The exact words of this writer, Mr. Jack Falvey, were: "How about a little journalism with a page one story on the facts to counter the contrived survey showing how awful things are perceived to be?" (He offered his services as a free-lance writer to accomplish this task, which was awfully nice of him.)
On February 21, the day after Pat Buchanan carried Derry with 32 percent of the vote, I thought of Mr. Falvey.
But he wasn’t alone in critiquing "The People’s Voice" project early on. I recall a discussion I had with our executive editor, Helen Donovan, sometime in November of last year about the early installments of "The People’s Voice." We thought they were probably too much, too soon and sometimes a bit dull. But that was long before Pat Buchanan’s success made Cassandras out of us.
Patrick Cox, a reporter at our radio partner, WBUR-FM, tells of going to a discussion group of "The People’s Voice" participants in Derry in mid-November: "I didn’t think Buchanan was going to be a player in this election until I stepped into that room and listened to people talk for two hours. After that, I knew I needed to do a story on him."
WBUR tried to pitch NPR in Washington on a Buchanan story but was unsuccessful.

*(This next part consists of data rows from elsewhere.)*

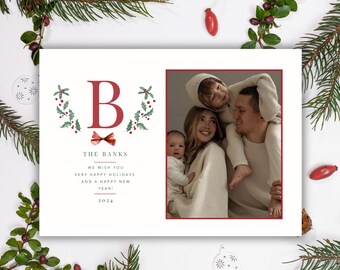Op de afbeelding: Een kerstkaart met een rode en groene krans met een grote rode letter "B" in het midden. De krans is versierd met hulstbladeren en rode bessen. De kaart bevat ook een foto van een gezin van vier, met een rode strik bovenaan. De tekst op de kaart luidt "The Banks, We wish you very happy holidays and a happy new year! 2024."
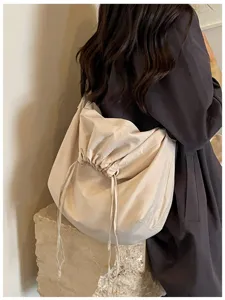 Gros plan détaillé d'un sac bandoulière souple beige minimaliste avec cordon de serrage.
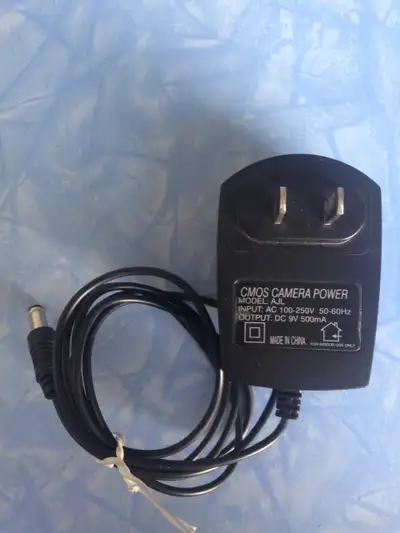 CMOS Power AC Adapter 9V DC 500mA, View more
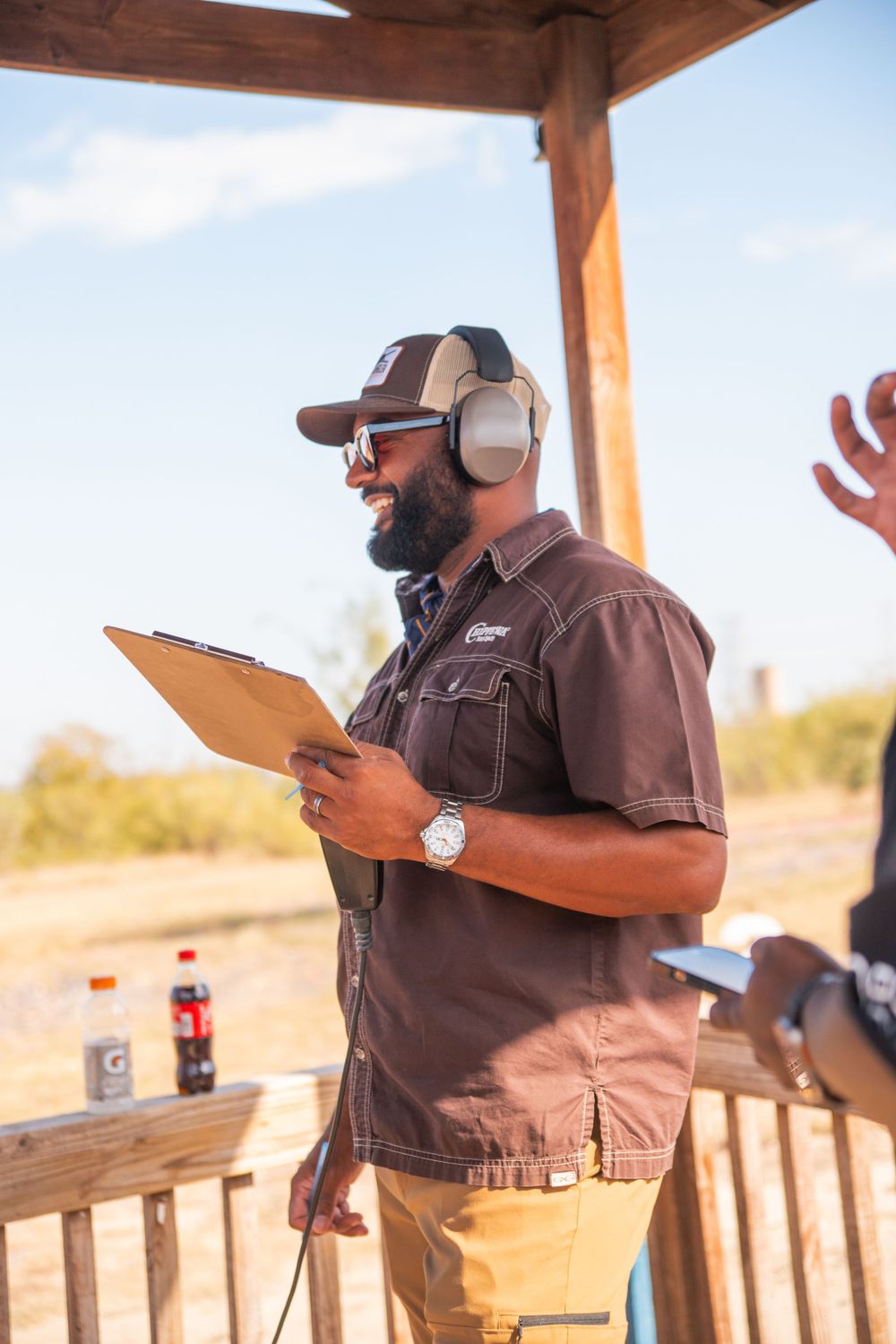 Staff member with clipboard and hearing protection monitoring shooting range activities.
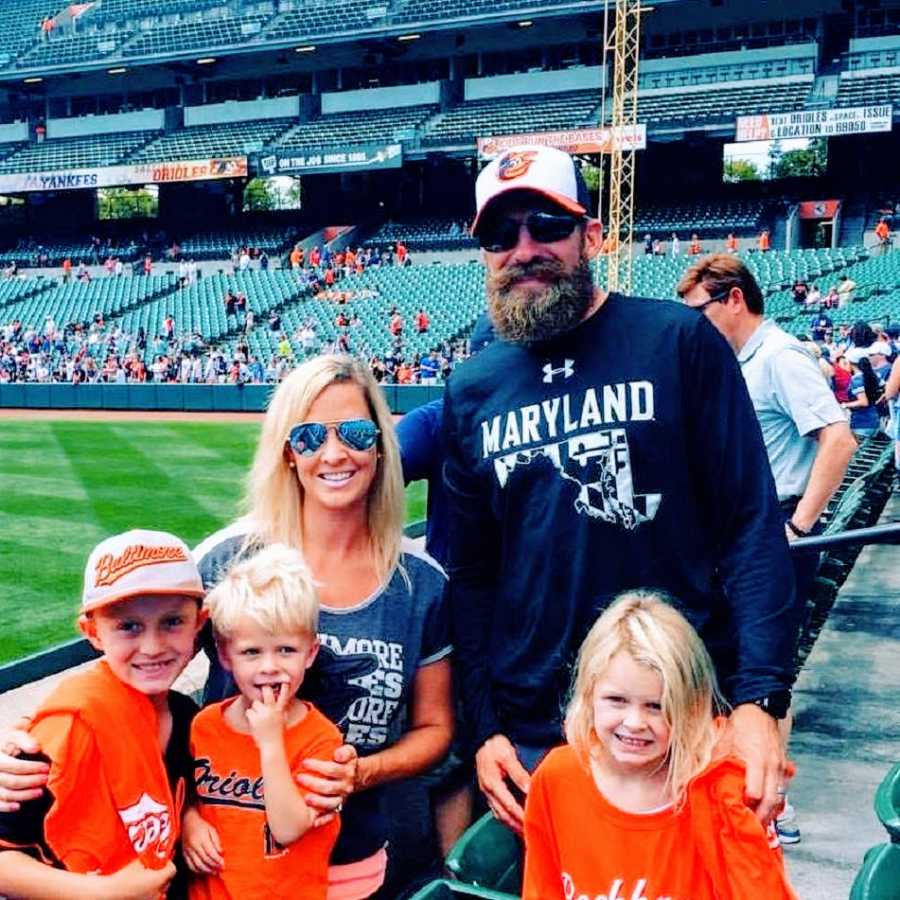 A woman stands with her husband and three children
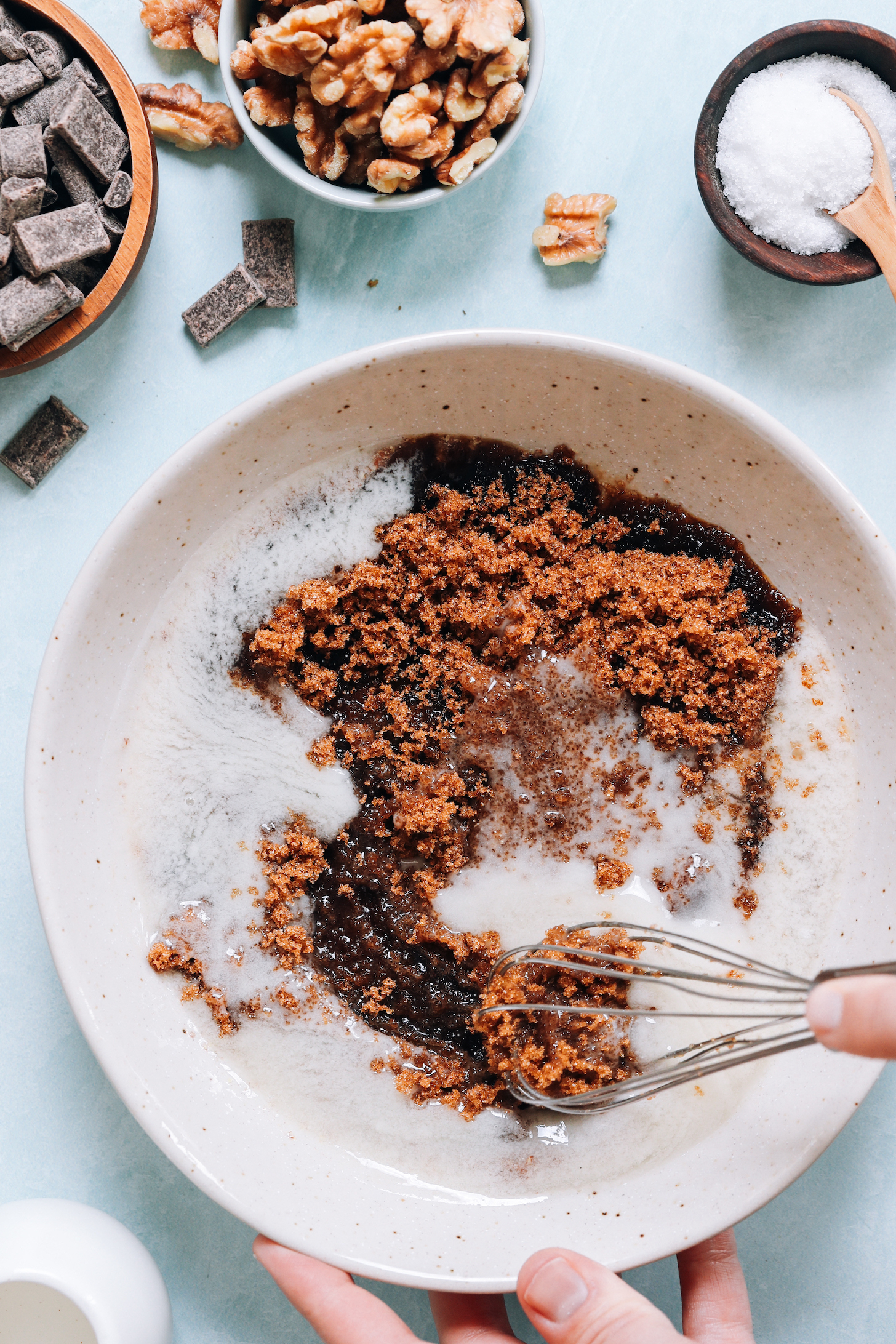 Whisking brown sugar, melted vegan butter, and other wet ingredients in a bowl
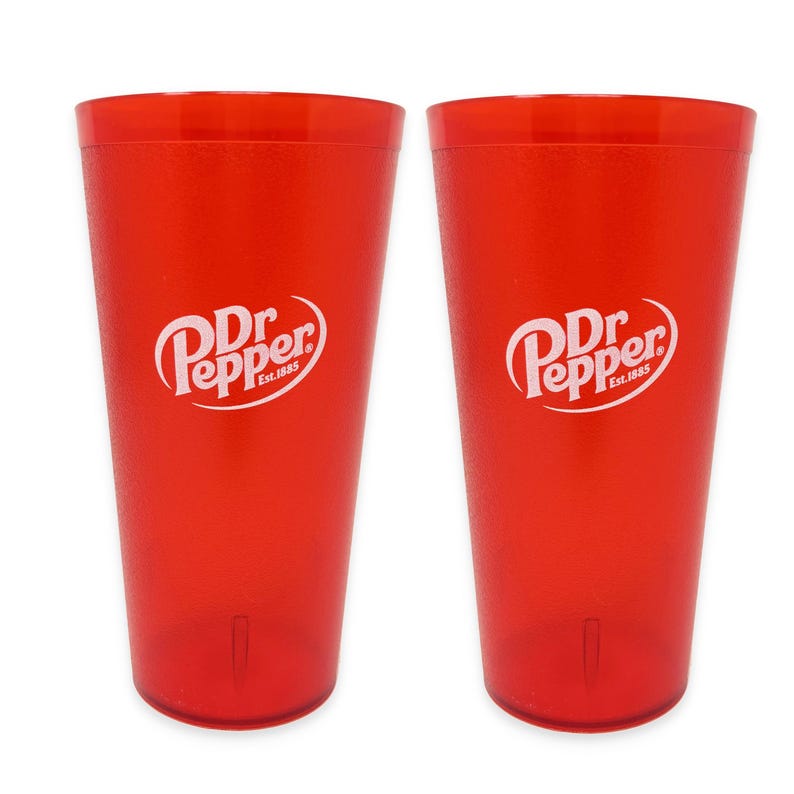 May include: Two identical translucent red plastic tumblers, each featuring the white Dr Pepper logo with the text Est. 1885 printed on the front. These tall, cylindrical drinking cups have a smooth finish and a slightly tapered base design.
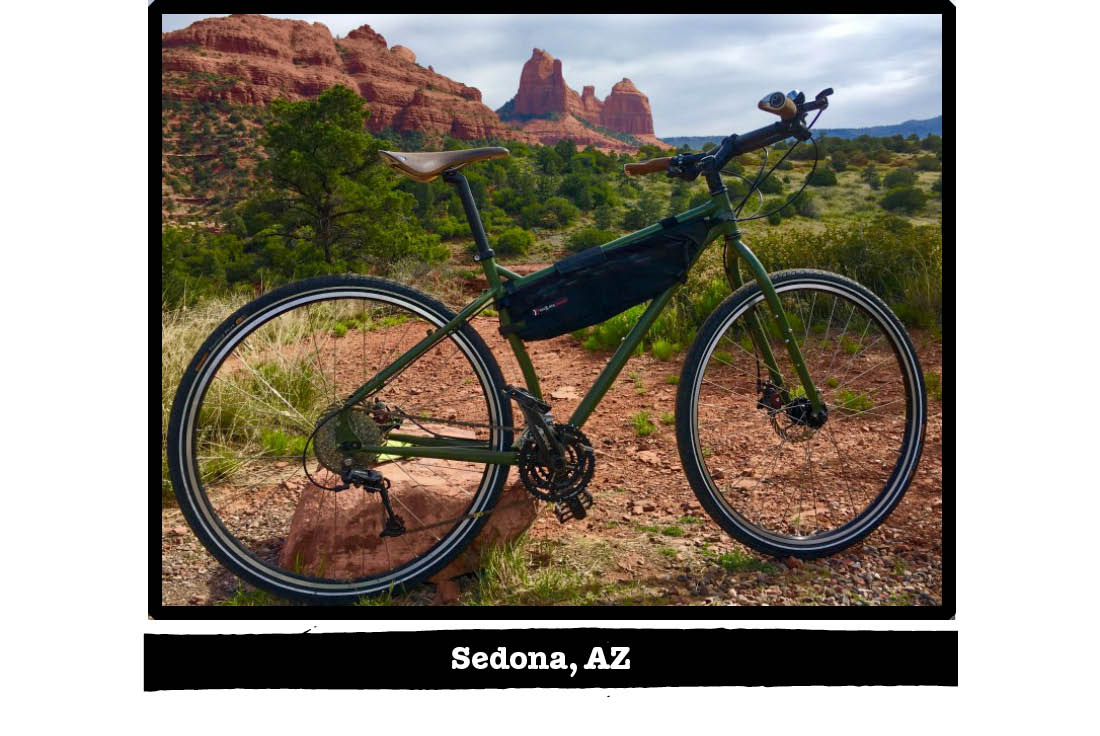 Right profile of a green Surly bike with desert trees and red mountain in the background - Sedona, AZ tag below image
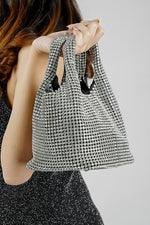 Stellar silver crystal bucket bag hanging from the arm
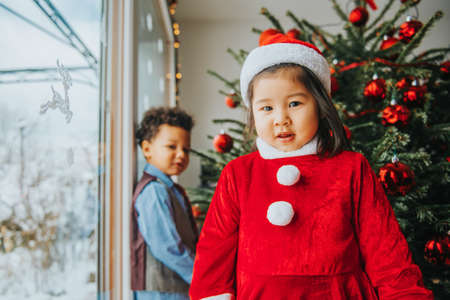 Group of two little children playing with Christmas tree at homeの写真素材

According to Sam Fleming, WBUR news director: "Since the election, every time I talk to them, they apologize for not taking it and admit they made a big mistake."
In assessing our "People’s Voice" project I am indebted to Tara Murphy, who is about to receive her masters’ degree from Harvard’s Kennedy School of Government. She was "The People’s Voice" coordinator for WBUR. Shortly before the New Hampshire primary, she conducted three focus groups of New Hampshire voters and some Massachusetts residents as well to get their reactions to "The People’s Voice" project.
Without boring you with details, I can report that these people were far more interested in "People’s Voice" stories than in The Globe’s traditional political coverage.
I was struck particularly by their reactions to stories of the town meetings in which Derry residents got to question candidates directly. Essentially, these voters said they loved those stories because, instead of reporters, they involved "people like us."
The sense of class distinction between journalists and themselves was striking and alarming. Asked about the reporters doing traditional stories, one woman from Nashua said, "What do they know about us?"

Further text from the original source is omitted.